There is no monolithic libspdk.so and libdpdk.so containing all libraries above. When building SPDK with --with-shared configure option, DPDK libs are built as static. This is a bug in SPDK build system and can be easily fixed.

Applying the best practices to SPDK

The most preferred solution would be to build SPDK object archives and link them statically to app. We bang a head against a wall when doing so. Object archives are linked with as-needed or no-whole-archive linker flag in rust and all libs which are not explicitly used by the app are omitted. Since there is no way how to change the default linker behaviour in rust, the only viable workaround is to pretend that we use all of the libraries by referencing a symbol from each of them. The problem is that some of the libs have only private symbols and we can’t reference them anyhow without patching them. There is now way how to make that when using vanilla SPDK (from upstream). Unless the rust build system is enhanced to support -whole-archive linker option (ticket rust-lang/rust#56306), we have to use shared libraries.
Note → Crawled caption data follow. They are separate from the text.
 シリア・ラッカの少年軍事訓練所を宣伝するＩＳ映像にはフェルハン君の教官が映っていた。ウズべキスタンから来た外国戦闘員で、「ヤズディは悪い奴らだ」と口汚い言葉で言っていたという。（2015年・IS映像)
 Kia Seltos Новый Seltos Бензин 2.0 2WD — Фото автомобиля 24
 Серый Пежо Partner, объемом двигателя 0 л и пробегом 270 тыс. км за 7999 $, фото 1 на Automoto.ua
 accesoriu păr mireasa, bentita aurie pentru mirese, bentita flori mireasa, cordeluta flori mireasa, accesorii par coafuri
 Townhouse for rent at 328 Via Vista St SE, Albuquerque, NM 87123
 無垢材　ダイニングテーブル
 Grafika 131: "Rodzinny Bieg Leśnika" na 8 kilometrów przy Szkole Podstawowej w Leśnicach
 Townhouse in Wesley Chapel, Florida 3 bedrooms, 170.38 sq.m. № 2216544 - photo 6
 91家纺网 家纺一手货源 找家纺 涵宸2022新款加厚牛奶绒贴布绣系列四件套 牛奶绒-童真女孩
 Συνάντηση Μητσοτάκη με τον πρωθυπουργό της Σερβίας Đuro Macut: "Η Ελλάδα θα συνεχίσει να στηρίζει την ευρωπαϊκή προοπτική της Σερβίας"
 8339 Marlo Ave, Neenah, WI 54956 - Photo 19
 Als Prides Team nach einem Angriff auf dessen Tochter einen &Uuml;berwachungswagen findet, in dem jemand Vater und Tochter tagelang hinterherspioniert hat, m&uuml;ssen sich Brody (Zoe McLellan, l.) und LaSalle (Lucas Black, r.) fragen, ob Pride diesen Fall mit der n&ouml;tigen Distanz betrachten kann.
Shared libraries suffer from the same problem as static libs as rust build system uses as-needed linker flag. But there is an elegant workaround for that. If we create one big shared library out of all smaller ones then it will be surely referenced because there will be surely at least one call to the library - if there was none then it would not make sense to require the lib by the app in the first place - and the dynamic lib loader must load it all to the memory in one piece . The only problem is that we must create this fat library (as I will be calling it) ourselves. Good news is that it is super simple. We just need to take all object archives and combine them into a single shlib:

cc -shared -o libspdk_fat.so -Wl,--whole-archive *.a -Wl,--no-whole-archive

The result is a suboptimal solution because the shared library must be built and installed to the system prior to building the app and deployed to a target system along with the app. Detecting if libspdk fat lib is installed on the system is cumbersome as we can’t use pkg-config. SPDK in general is missing support for pkg-config ( https://trello.com/c/uBM2PR4c/19-generate-pkg-config-pc-file-during-make-install ). In spite of all drawbacks it is kinda standard rust solution for sys crates and works with upstream spdk with no changes required.

Using spdk sys crate

High level steps of how to use spdk sys crate:

Phase 1:

  1. Check out spdk-sys git repository including spdk sources as submodule.
  2. Run a build script which automates steps needed to build SPDK and creates the fat lib.
  3. Install the fat lib to a system location (as root).

Phase 2:

  1. Use spdk-sys crate in dependencies in Cargo.toml.
  2. When spdk-sys is built by rust, the build script merely checks that the fat shlib is installed on the system and generates bindings using bindgen and spdk header files for it (it does not build the library).

The way how the fat shlib is deployed along with the app to a target system is out of scope. In case of a docker image it can be copied from the system where the image is built to a docker image. On other systems it may be delivered in form of a package as it is usually done for other system libraries.

SPDK with patches

Some projects using SPDK in rust will need to use their own version of SPDK which differs from the upstream. There is probably no better way than to clone spdk-sys repository on github and override spdk git submodule in the repository so that it points to their own version of SPDK. In dependencies section of Cargo.toml file must be used a github URL of the cloned spdk-sys repo.

Tests

The sys crate should come with tests. It is out of scope to test each function provided by SPDK. At minimum calling a single function from spdk would be sufficient. Later when support for opt-in modules is added, there should be a similar test for each module.